Well ? Could that be possible?

Wednesday, April 11, 2012

A Small Request that Takes a Lifetime to Complete

I've been singing this song all day long, so it officially makes it "the song of the day".

http://www.youtube.com/watch?v=s1_5hhr6niQ

Saturday, April 7, 2012

A Smashing Dream

       There is a new TV show that I found online while looking for a lazy Thursday-night-in. Its called Smash. Now, I don't want to promote this show, because I've only seen the first two episodes of it, but from what I've seen, I really love it. It's hopeful and heartbreaking at the same time. It is "real life"...but it's TV. It feels like a fresh, new show that I've always wanted to watch.
       The song of the day comes from a song I saw on this show (although, I think it's been around for a while) called "Crazy Dreams". I love that we are allowed to dream...even if those dreams are so unobtainable, we can still dream them. My dream job would be a dancer on a cruise ship. I could listen to beautiful music, by in sync with perfect bodies, entertain thousands, all while traveling the world, soaking in the sun, and exploring far off beaches. Now, granted, I know someone who was a dancer on a cruise line, and trust me, that was probably her dream at some point in time too, but real life isn't exactly like that. There are hours and hours of rehearsal in the belly of the ship, there are sprained ankles that get you fired from 6-long-contracts, and there is sea sickness. However, it sounds like a nice dream. Am I ever going to have that profession? No. I am going to be a teacher for kids who probably won't even be able to count to 15 by the time they are twenty years old. I will sit indoors wishing I could go out into the sun, yet always getting out of school in just enough time to see the sunset (except for the spring and summer times). It will be hard, and tedious, and I will not have "nights and weekends free" like so many others I know that will. But, don't get me wrong- this is also my dream. I want to touch people's lives on a very personal basis. Yes, entertainment is...well, entertaining. Its fun and it gives you a good laugh, or draws a few tears, but you leave the theater and return to your normal life. The only thing the theater has ever given me once I've left it is a burning desire to be up on stage with them. I have taken tap dance classes, and voice lessons, and piano lessons, and even have had the chance of being in two musical theater productions (granted, one was my high school's end of the year production my senior year, and the other was with the same director but through a community theater venue, but they were still stages, they were still dreams come true).
       All this to say, it is important that you chase after your dream. If you have one, and it seeps through your to heart like red food coloring permitting a glass of water, then please, chase your dream. Because, hey, even crazy dreams come true.

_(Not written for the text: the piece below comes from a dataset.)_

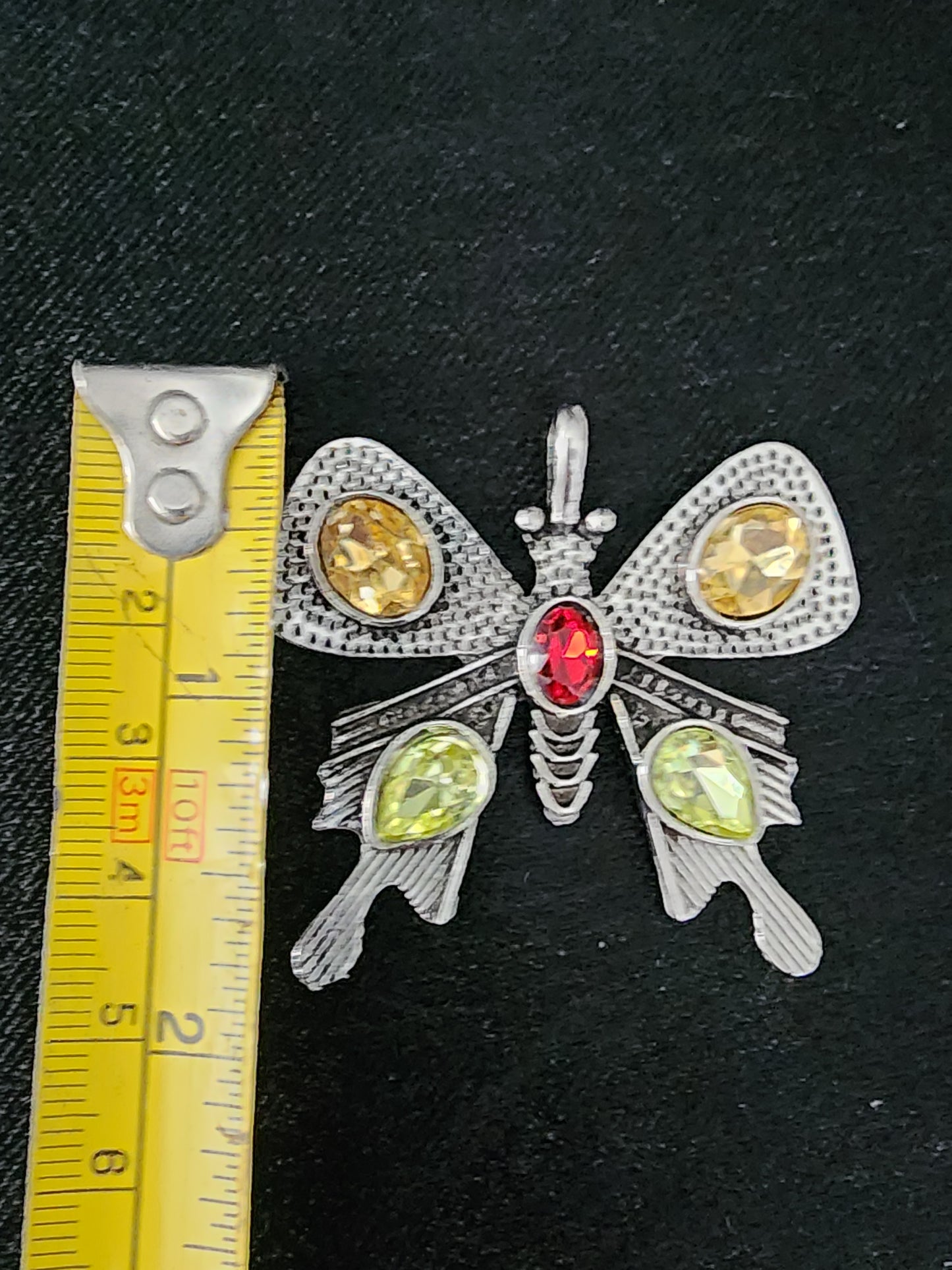 Butterfly pendant with green yellow gemstones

http://www.youtube.com/watch?v=rO2wODVugXQ

Wednesday, April 4, 2012

Why to Live?

Sometimes on my toughest days I think "Why to live? Why should I keep living here on Earth when my heart is in Heaven? When some of my family members and friends and other people's relatives that I loved are there too?"

And then I hear a song. A simple song my mother used to sing from time to time. I have not heard it in years (probably 10 years to be honest). I heard it sung tonight (and sang it myself, actually) in a room full of people whom I have come to love. These people are genuine and they care. They "practice what they preach". They uplift others in the room because that's what we do- that's how we function.

So not if, but when, you ever ask yourself "why to live?" just sing this little song, and hopefully you will find the answer provided in the song the answer to your quandary.

Why to live? ...Because He lives.

It is only through Jesus that I can fight this pain. It is only through Jesus that I can fight this battle. It is only through Jesus that I don't give up entirely. Because He lives I can face tomorrow...I may be shaking in my boots and I may have tear-stained cheeks, but I will still live. I will survive. And I will continue to grow in His love and His light...because He lives.

http://www.youtube.com/watch?v=M7TFT3dA7NU

Monday, April 2, 2012

My Ode to Sin

Straight from the heart, Sin, please leave me alone.